My solution is a bit different than the one described in editorial and has a time complexity
O ((W + P) 2^k) for the third kind of queries.

In order to check whether a sum S is possible, we compute the number of ways T(S) of obtaining that sum. The sum S is possible iff T(S) \ne 0.

Let us say we have coins of denomination x1, x2, \ldots, xk.
and queries are of the form (S, r1, r2, \ldots, rk), i.e., is it possible to make a sum S, using at most r1 coins of the first type, r2 coins of the second type, and so on (S \le W).

For this set of denomination, we pre-compute an array P[1 \ldots W], such that P[x] represents the number of ways of obtaining the sum x, with no restriction on the number of coins. For the time being let us assume that we already have this array, we will explain later how to compute this array.

Now the number of ways of obtaining the sum S with the restrictions on the number of coins can be computed using inclusion-exclusion principle.

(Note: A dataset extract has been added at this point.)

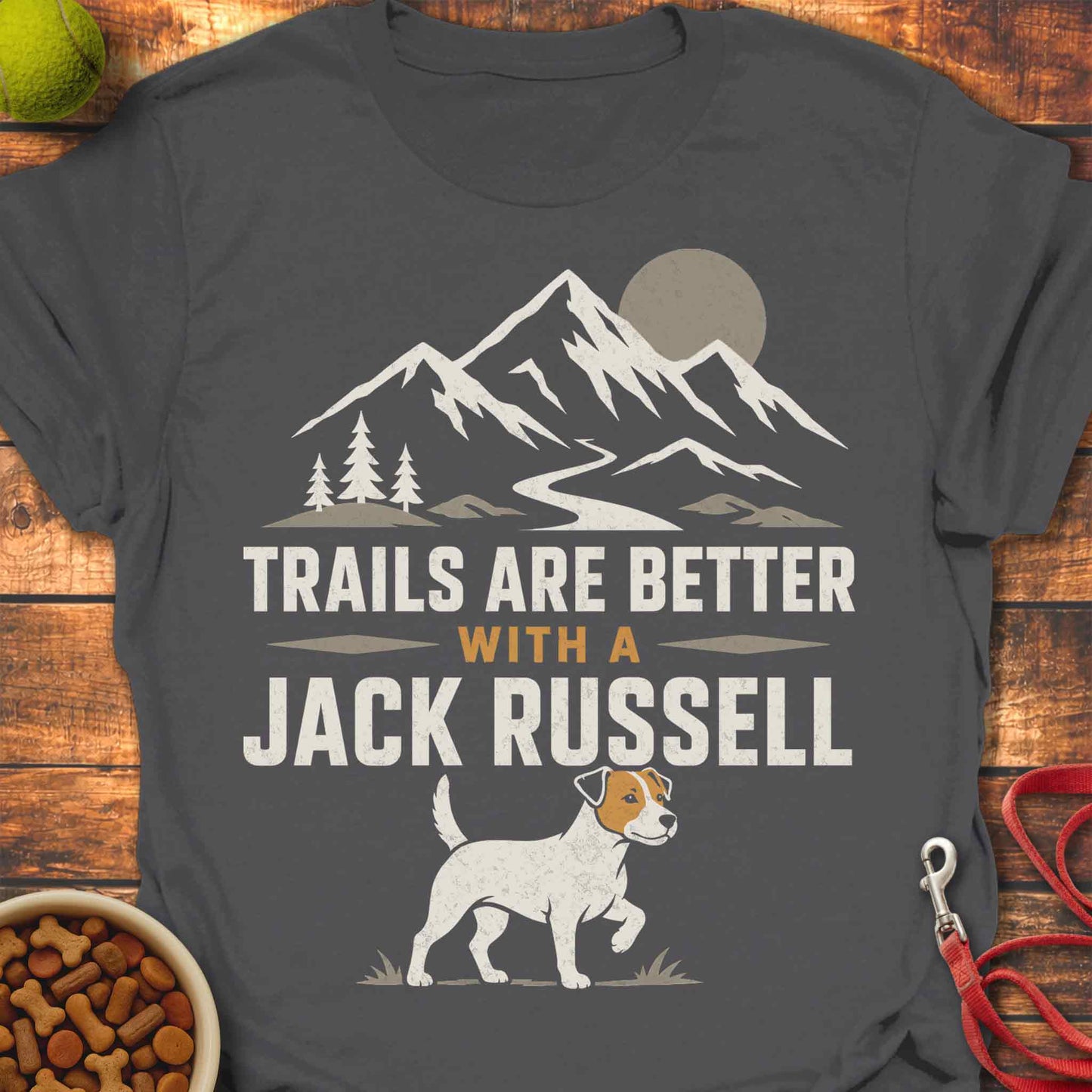 Trails With a Jack Russell T-Shirt
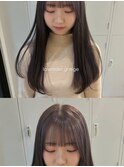 20代30代ラベンダーグレージュブリーチ&カラー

T(S, r1, r2, \ldots, rk) = P[S] - Q(S, r1, r2, \ldots, rk),

where Q(S, r1, r2, \ldots, rk) is the number of ways in which at least one of coins is used more than specified bound.

Q(S, r1, r2, …, rk)

= \sum (-1)^{u + 1} \text{number of ways of obtaining } S \text{ such that coins } i1, i2, \ldots, iu \text{ violate the bound.}

= \sum (-1)^{u + 1} P[S - (r_{i1} + 1) x_{i1} - (r_{i2} + 1) x_{i2} - \ldots - (r_{iu} + 1) x_{iu}]

Hence, T(S, r1, r2, \ldots, rk) can be computed in O(2^k) time using the P array.

Now let us see, how to compute the array P.
If there were a single coin denomination x, then we have computed this array quite easily.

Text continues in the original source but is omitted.